Berkshire Constabulary is a former Home Office police force which was responsible for policing the county  of Berkshire in Southern England. Berkshire Constabulary was merged with four other adjacent police forces in 1968 to form the Thames Valley Constabulary, later known as Thames Valley Police.

Formed in 1856, the Constabulary was headquartered near Forbury Gardens in Reading, until it moved in 1952 to Sulhamstead House (then called the "White House"), purchased by the Berkshire County Council five years earlier for £53,000. The house is currently the Thames Valley Police Training College and Thames Valley Police Museum.

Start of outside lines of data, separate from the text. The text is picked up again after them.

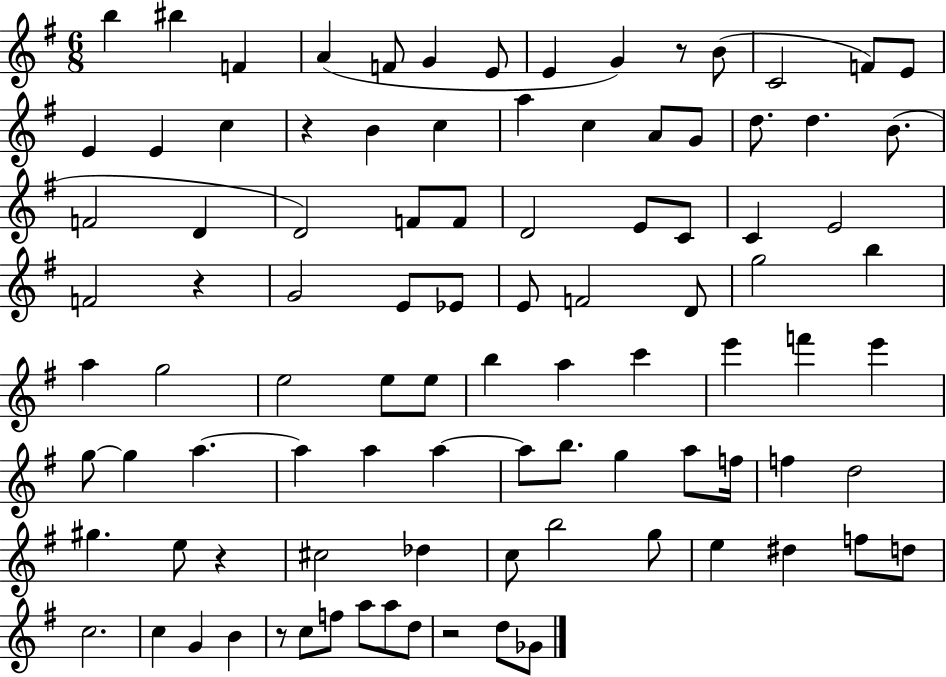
{
  \clef treble
  \numericTimeSignature
  \time 6/8
  \key g \major
  b''4 bis''4 f'4 | a'4( f'8 g'4 e'8 | e'4 g'4) r8 b'8( | c'2 f'8) e'8 | \break e'4 e'4 c''4 | r4 b'4 c''4 | a''4 c''4 a'8 g'8 | d''8. d''4. b'8.( | \break f'2 d'4 | d'2) f'8 f'8 | d'2 e'8 c'8 | c'4 e'2 | \break f'2 r4 | g'2 e'8 ees'8 | e'8 f'2 d'8 | g''2 b''4 | \break a''4 g''2 | e''2 e''8 e''8 | b''4 a''4 c'''4 | e'''4 f'''4 e'''4 | \break g''8~~ g''4 a''4.~~ | a''4 a''4 a''4~~ | a''8 b''8. g''4 a''8 f''16 | f''4 d''2 | \break gis''4. e''8 r4 | cis''2 des''4 | c''8 b''2 g''8 | e''4 dis''4 f''8 d''8 | \break c''2. | c''4 g'4 b'4 | r8 c''8 f''8 a''8 a''8 d''8 | r2 d''8 ges'8 | \break \bar "|."
}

Berkshire Constabulary subsumed several smaller police forces during its existence, including the Abingdon Borough Police, Maidenhead Borough Police, Newbury Borough Police, Wallingford Borough Police and Wantage Borough Police. The Windsor Borough Police remained an independent force until in 1947.

In 1965, Berkshire Constabulary had an establishment of 603 and an actual strength of 480.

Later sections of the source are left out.